## TASK
Retype only the lines below from the one with "Sunset Cove 푼샬" to the one with "Guest House Mandrivnyi", inclusive, skipping every image.

## RECORDED DATA
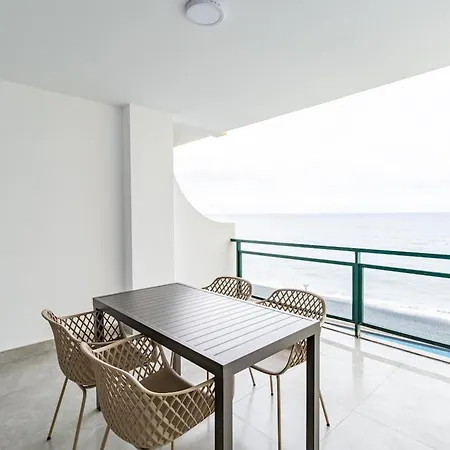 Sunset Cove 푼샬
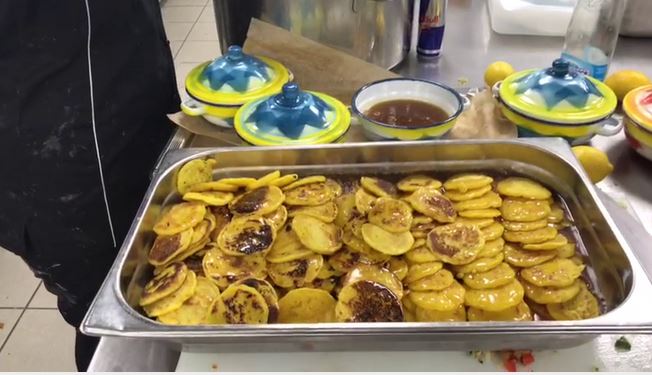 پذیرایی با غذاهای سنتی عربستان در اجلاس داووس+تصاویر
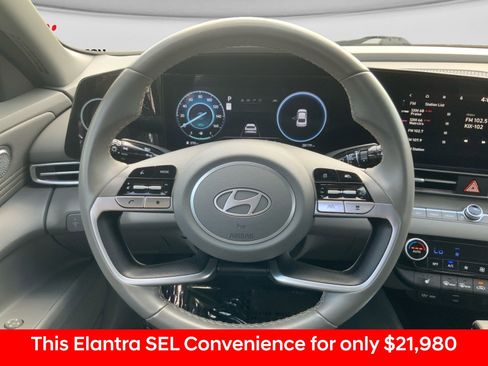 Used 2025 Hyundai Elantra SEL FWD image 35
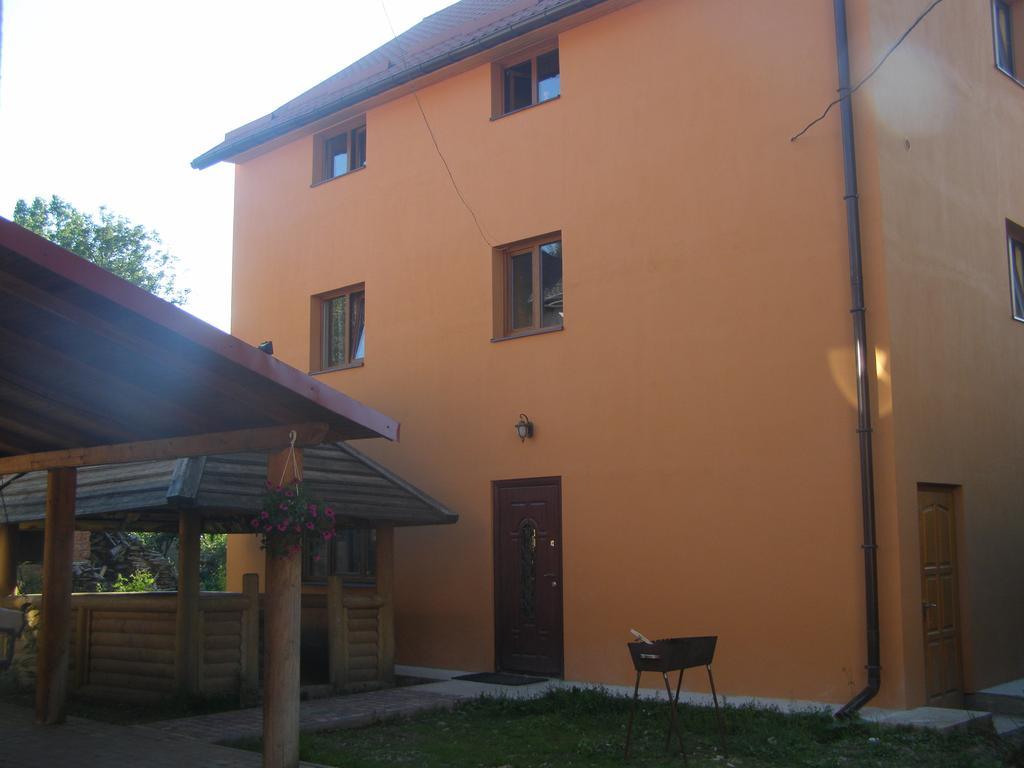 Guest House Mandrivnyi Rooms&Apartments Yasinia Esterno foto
---
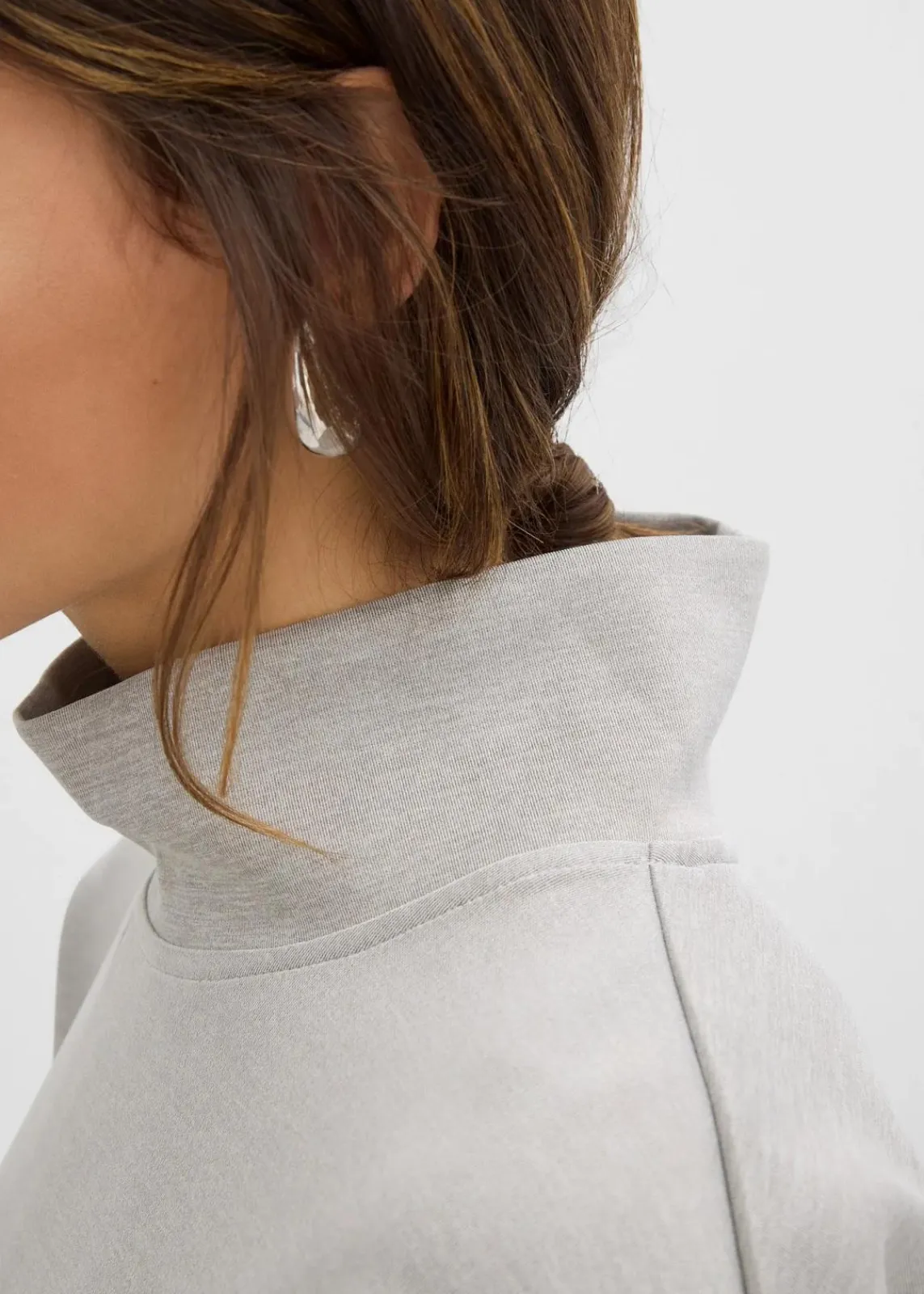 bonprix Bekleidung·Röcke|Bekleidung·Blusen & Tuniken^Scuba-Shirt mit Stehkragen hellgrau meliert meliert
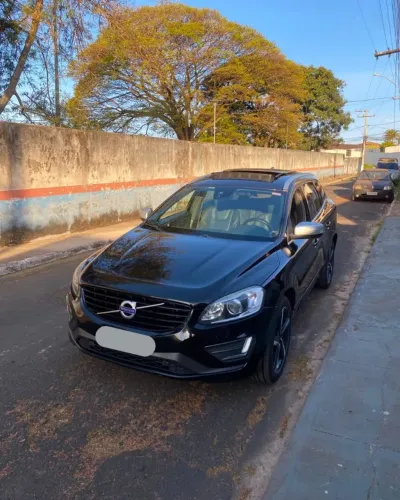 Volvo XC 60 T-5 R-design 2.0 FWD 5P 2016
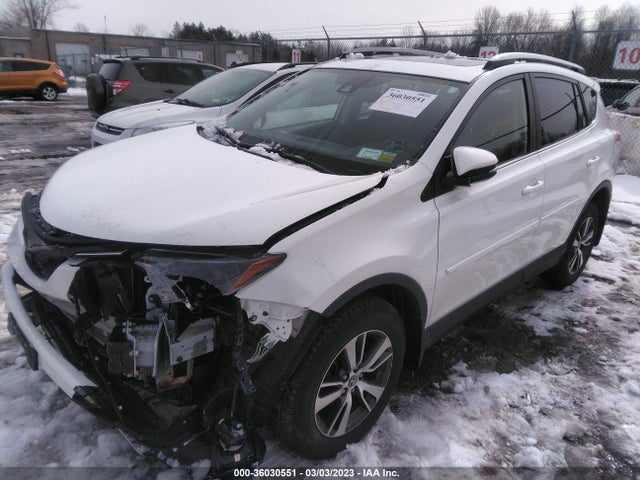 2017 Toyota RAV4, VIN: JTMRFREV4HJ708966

## YOUR SOLUTION
 Sunset Cove 푼샬
 پذیرایی با غذاهای سنتی عربستان در اجلاس داووس+تصاویر
 Used 2025 Hyundai Elantra SEL FWD image 35
 Guest House Mandrivnyi Rooms&Apartments Yasinia Esterno foto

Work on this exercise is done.